• _What is being asked_
Please write out exactly, without any picture, each line from the first in the listing through the line that includes "In this half".

• _Data segment_
____________

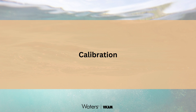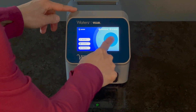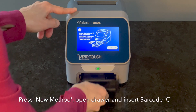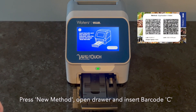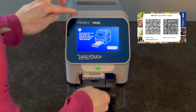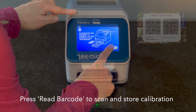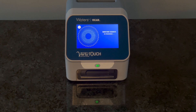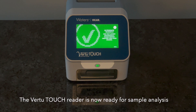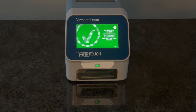Start by calibrating the Virtu Touch Reader using the barcode supplied with the Glyphosate V kit. The Glyphosate V Water Method will enter barcode C. Once the calibration barcode is scanned, the Virtu Touch Reader is ready for sample analysis.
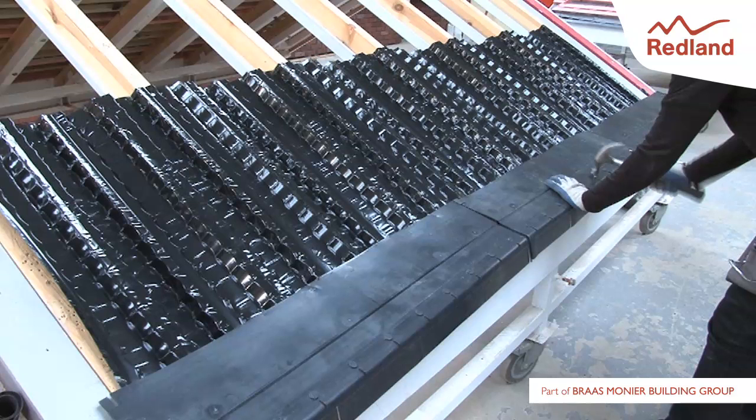With U-PVC fascia, either nail the rear end of the 2-in-1 eaves tray into the rafters at every rafter intersection, or nail into an additional timber fillet immediately behind the U-PVC fascia using 60mm by 3.5mm aluminium alloy clout nails at 100mm centres.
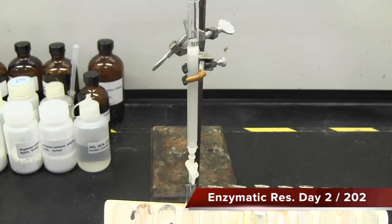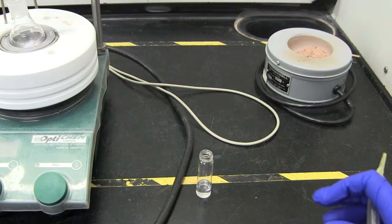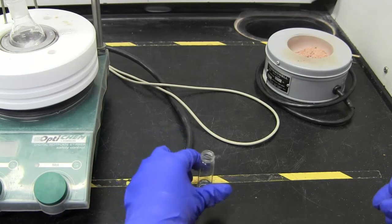In this half of the lab, you will separate your mixture using a silica gel column. First, evaporate the solvent. This can be done with nitrogen.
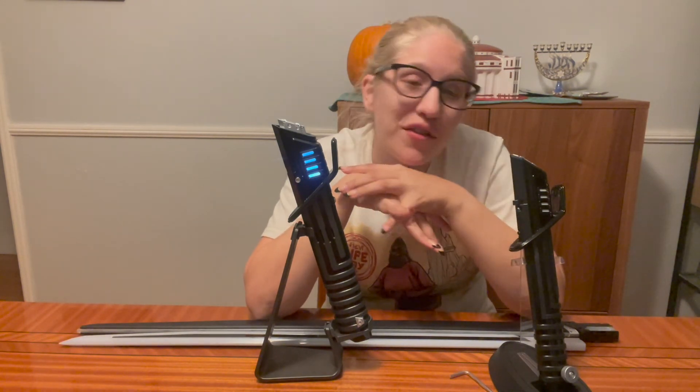Thank you so much for watching! Tell me — do you have a Dark Saber and which one do you prefer? Or are you like me and you couldn't get either so you 3D printed your own? I'm not going to show you that today, but if you're interested in my 3D printed Dark Saber where I DIY'd all the LED lights and everything, let me know and I'll show you in a video. Alright, bye!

____________

• _The answer_
Start by calibrating the Virtu Touch Reader using the barcode supplied with the Glyphosate V kit. The Glyphosate V Water Method will enter barcode C. Once the calibration barcode is scanned, the Virtu Touch Reader is ready for sample analysis.
With U-PVC fascia, either nail the rear end of the 2-in-1 eaves tray into the rafters at every rafter intersection, or nail into an additional timber fillet immediately behind the U-PVC fascia using 60mm by 3.5mm aluminium alloy clout nails at 100mm centres.
In this half of the lab, you will separate your mixture using a silica gel column. First, evaporate the solvent. This can be done with nitrogen.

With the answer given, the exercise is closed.